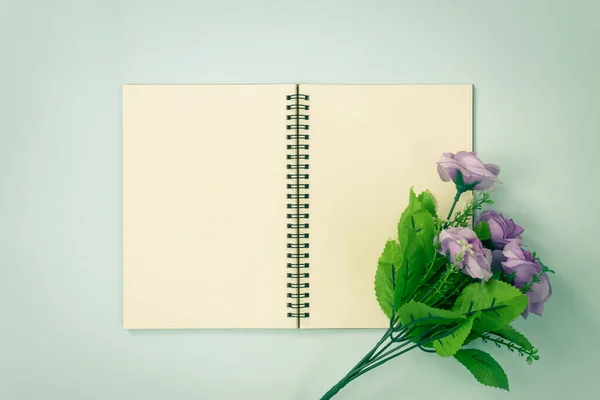 Top Table Spiral Notebook or Spring Notebook Mockup in Unlined Type on Center Frame and Purple Flowers at Bottom Right Corner on Blue Pastel Minimalist Background in Vintage Tone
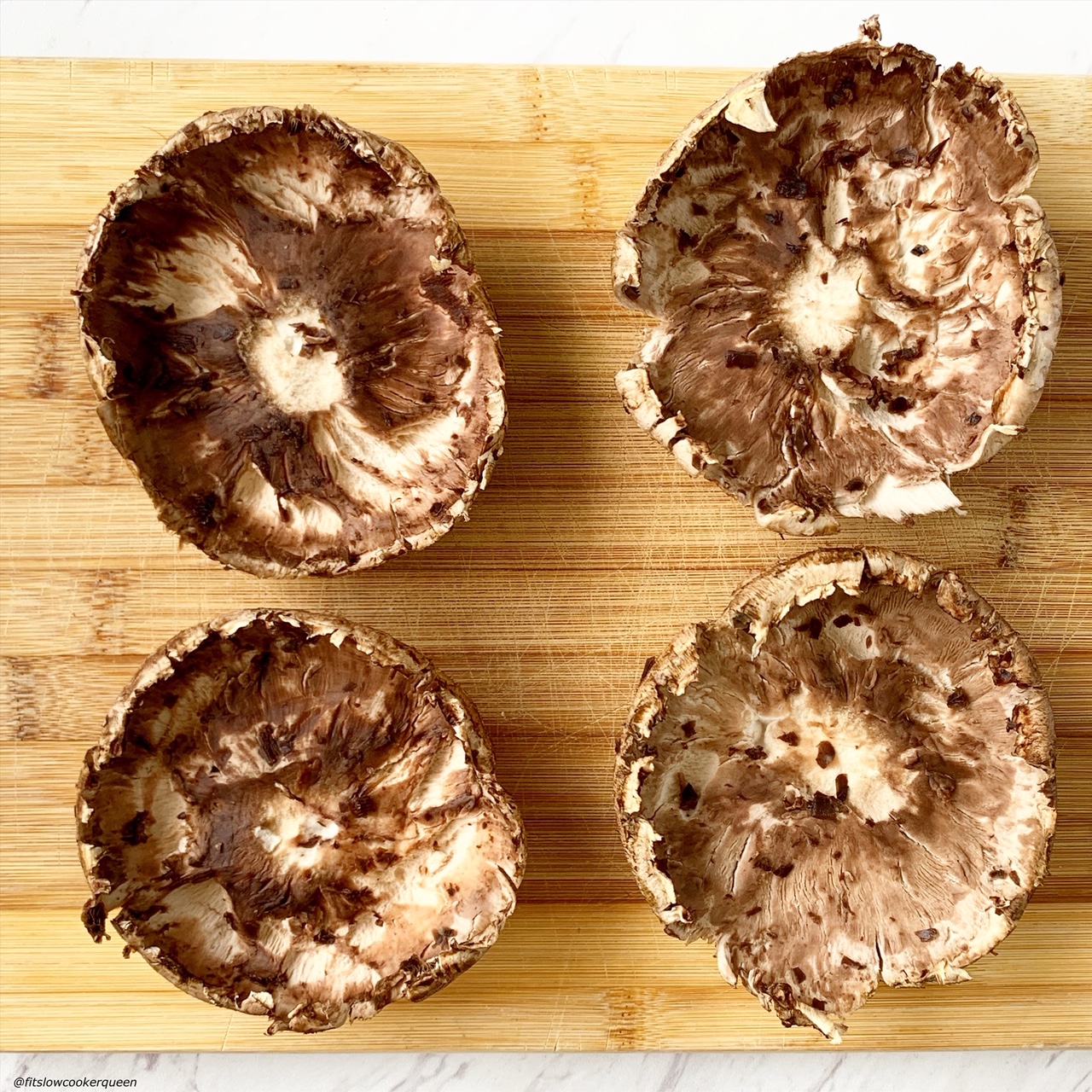 4 large portobello mushrooms cleaned with gills removed on a cutting board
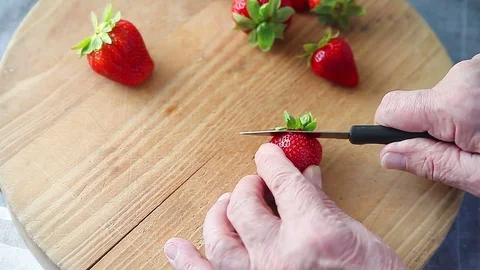 Man slicing strawberry Stock Footage 76090753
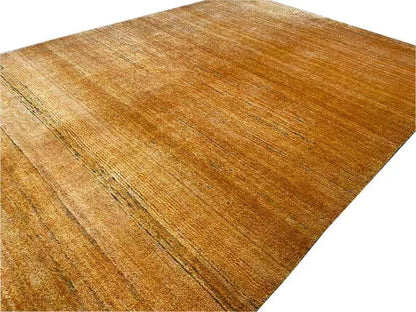 Gold Gabbeh rug, close-up of the surface with elongated light and dark strokes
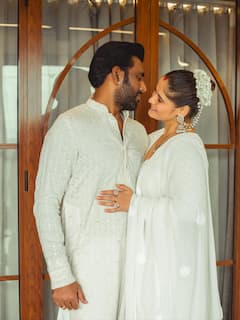 Arti Singh & Dipak Chauhan Celebrate 1.5 Years In Dreamy All-White Photoshoot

**What is required**
Reproduce every record above exactly, but leave out the pictures.

**Exercise solution**
 Top Table Spiral Notebook or Spring Notebook Mockup in Unlined Type on Center Frame and Purple Flowers at Bottom Right Corner on Blue Pastel Minimalist Background in Vintage Tone
 4 large portobello mushrooms cleaned with gills removed on a cutting board
 Man slicing strawberry Stock Footage 76090753
 Gold Gabbeh rug, close-up of the surface with elongated light and dark strokes
 Arti Singh & Dipak Chauhan Celebrate 1.5 Years In Dreamy All-White Photoshoot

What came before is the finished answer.